Miners reversed on softer commodity prices and iron ore tumbling more than 2% in China on Friday with BHP, Rio Tinto and Fortescue all down around 1-to-2%.

South32 the exception, but only because it didn't lose ground.

The energy sector was weighed down by uranium miners (Paladin -2.4%) and coal producers (Whitehaven -3.4%), while Woodside gained 0.4% thanks to higher oil prices.

Gold miners rose on the back of spot prices punching though $3,800/ounce to yet another record high.

The ASX 200 top movers list had a very defence/war leaning, led by tech darling DroneShield (+18.0%), which is still gaining on its US expansion plans.
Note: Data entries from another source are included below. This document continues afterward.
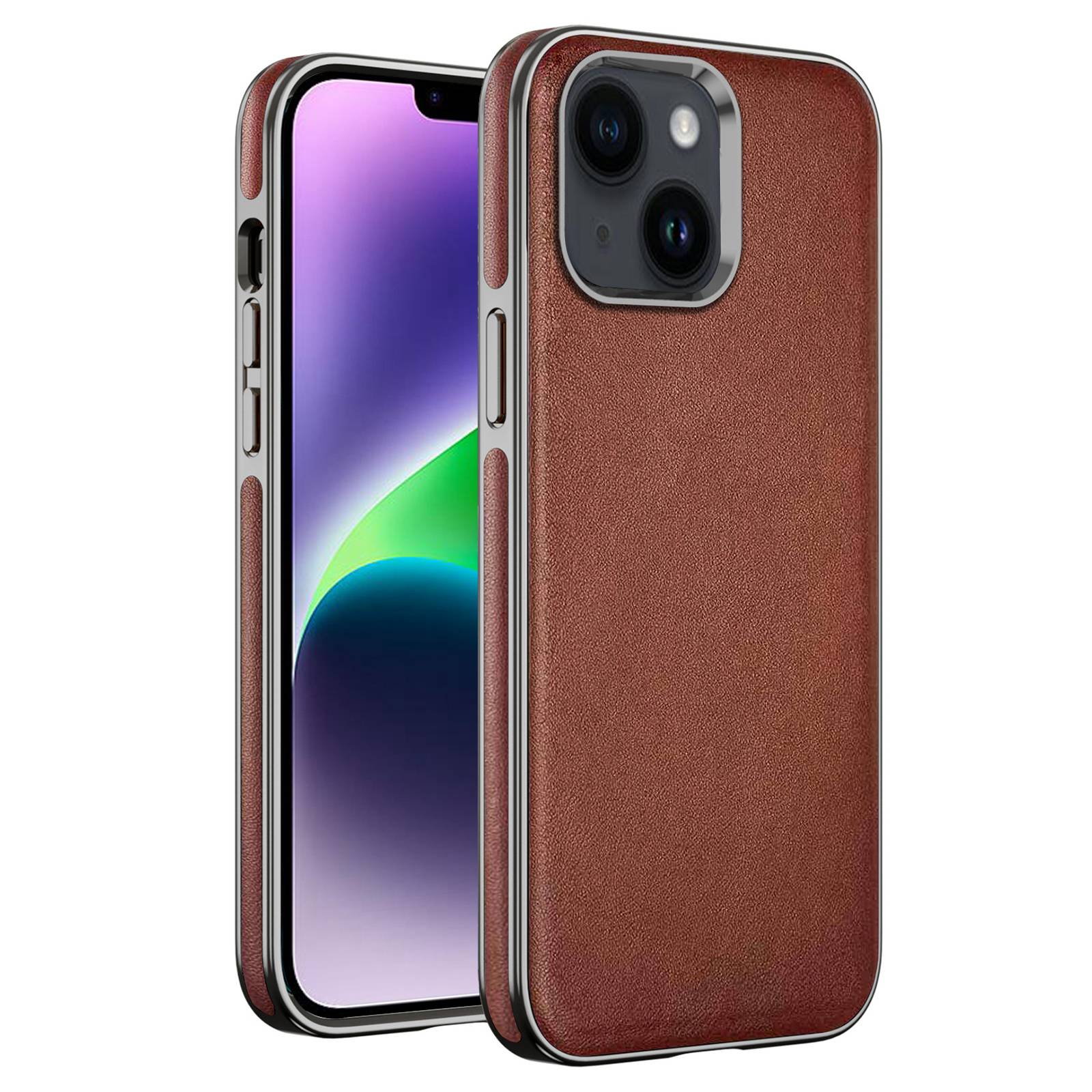 

Для Iphone 14 Soft Inner Tpu+внешний PU Кожаный Телефон Cope Cople Business Electrating Water-erpellent Phone Case - Коричневый, iPhone 14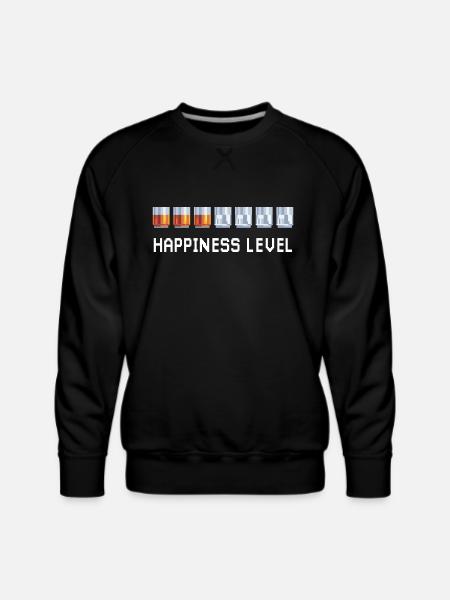 HAPPINESS LEVEL - Men's Premium Sweatshirt - black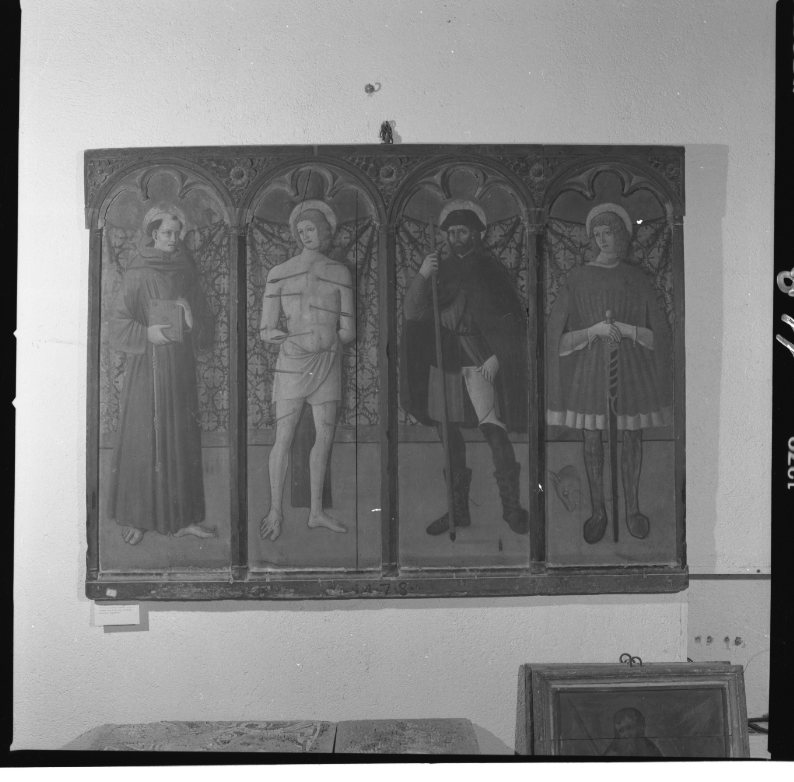 Santi Antonio, Sebastiano, Rocco e Martino (polittico) - bottega marchigiana (sec. XV)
Ship builder and frigate maker Austal (+4.6%) was also in demand, as was ASX listed, West Tennessee based titanium miner IperionX (+3.4%) which just received another slab of funding from the US Department of War to keep digging.

The mineral sands miner and rare earths wannabe Iluka (-3.9%) was the poorest performer on the ASX 200 bottom movers list, which also features uranium miners, coal producers and data centre plays DigiCo (-3.7%) and NEXTDC (-2.3%).

The stocks giving defensive portfolios new meaning

There was a time when loading up your portfolio with defensive capability meant banks, utilities and a load of bonds.

Well, today's big winners on the ASX 200 all feature defensive characteristics but not in the traditional sense (although to be pedantic, all receive funding from the rebadged and bristling US Department of War).

IT savvy DroneShield was the big winner today up almost 20%. 

Frigate maker Austal (+4.6%) was in in demand, as was a little known ASX-listed titanium miner IperionX which just received another $US25 million in funds from the US Department of War to keep digging at its tenement in West Tennessee.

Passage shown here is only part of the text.